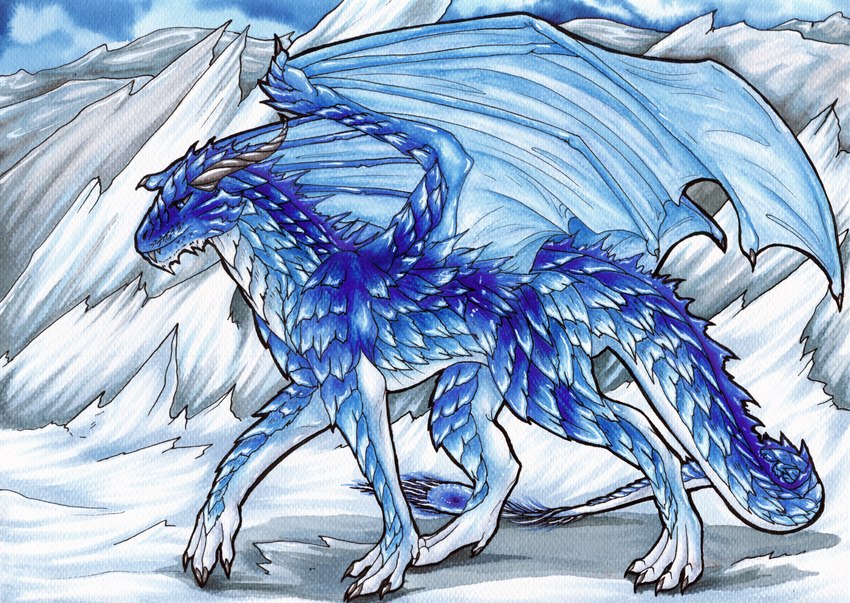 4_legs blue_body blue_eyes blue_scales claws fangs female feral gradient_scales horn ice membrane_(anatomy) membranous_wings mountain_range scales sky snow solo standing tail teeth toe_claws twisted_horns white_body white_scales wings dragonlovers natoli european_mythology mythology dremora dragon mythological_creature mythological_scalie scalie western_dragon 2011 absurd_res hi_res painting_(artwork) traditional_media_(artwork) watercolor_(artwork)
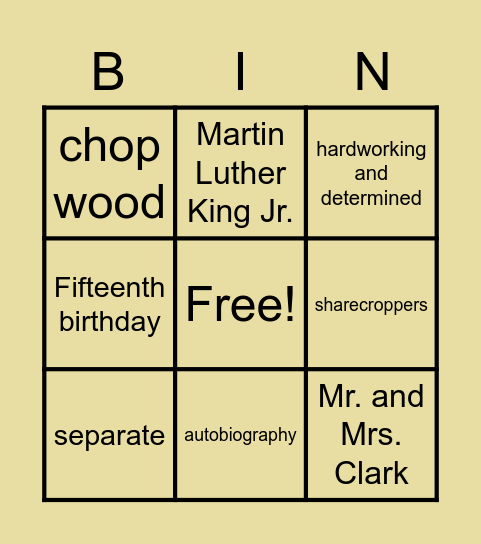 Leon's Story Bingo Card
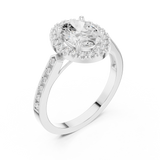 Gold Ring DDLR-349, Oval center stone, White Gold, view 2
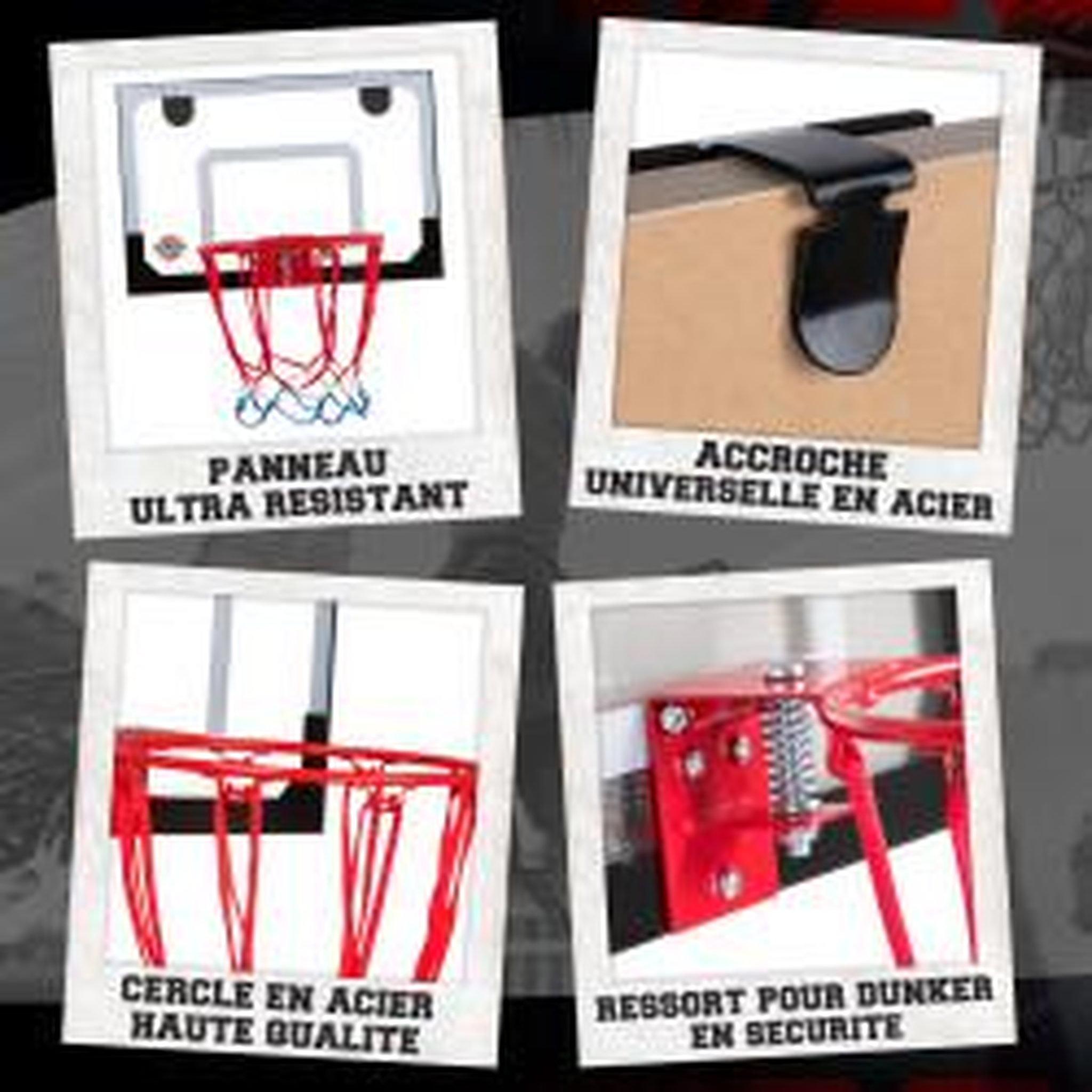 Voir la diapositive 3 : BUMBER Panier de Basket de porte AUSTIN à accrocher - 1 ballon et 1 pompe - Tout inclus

------------------------------------------------------------------------

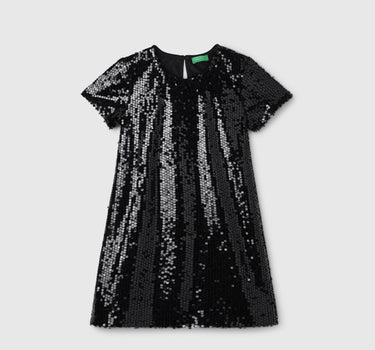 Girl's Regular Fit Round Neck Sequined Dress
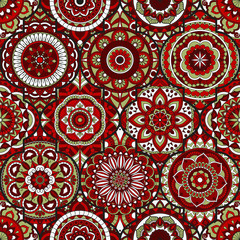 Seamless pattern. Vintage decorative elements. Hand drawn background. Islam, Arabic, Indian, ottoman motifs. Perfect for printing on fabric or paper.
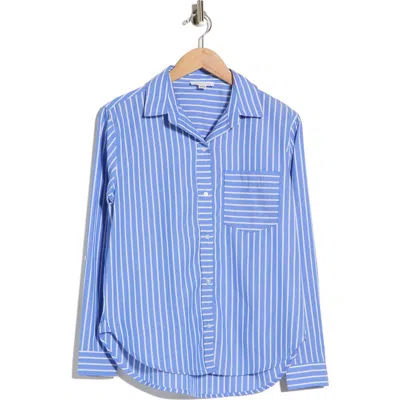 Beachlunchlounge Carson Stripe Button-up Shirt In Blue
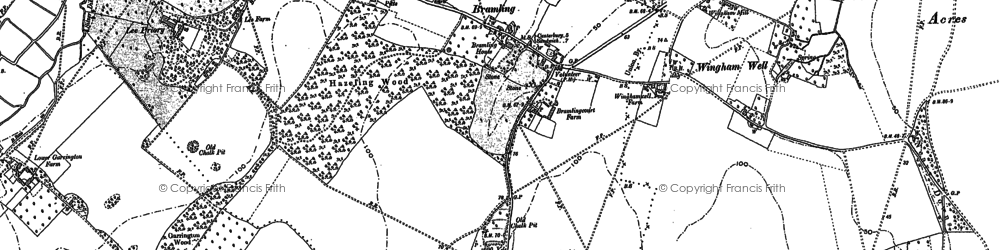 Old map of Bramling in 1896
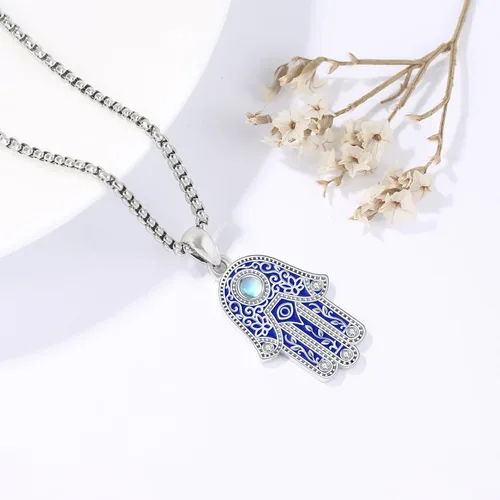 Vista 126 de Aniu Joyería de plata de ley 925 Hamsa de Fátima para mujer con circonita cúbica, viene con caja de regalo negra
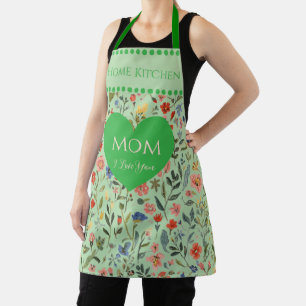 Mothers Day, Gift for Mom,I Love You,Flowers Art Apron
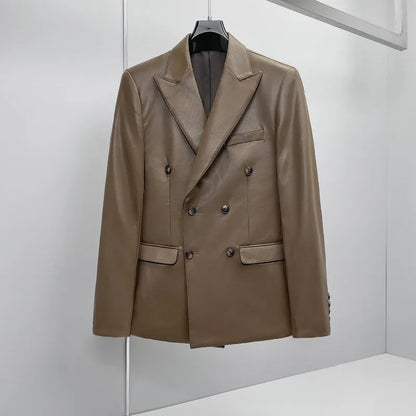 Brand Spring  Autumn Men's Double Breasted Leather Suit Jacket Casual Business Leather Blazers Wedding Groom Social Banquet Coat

------------------------------------------------------------------------

From the data above, return exactly the lines from the one with "4_legs blue_body blue_eyes" up to and including the one with "Voir la diapositive". Pictures do not go in the copy.

#### Exercise output:
 4_legs blue_body blue_eyes blue_scales claws fangs female feral gradient_scales horn ice membrane_(anatomy) membranous_wings mountain_range scales sky snow solo standing tail teeth toe_claws twisted_horns white_body white_scales wings dragonlovers natoli european_mythology mythology dremora dragon mythological_creature mythological_scalie scalie western_dragon 2011 absurd_res hi_res painting_(artwork) traditional_media_(artwork) watercolor_(artwork)
 Leon's Story Bingo Card
 Gold Ring DDLR-349, Oval center stone, White Gold, view 2
 Voir la diapositive 3 : BUMBER Panier de Basket de porte AUSTIN à accrocher - 1 ballon et 1 pompe - Tout inclus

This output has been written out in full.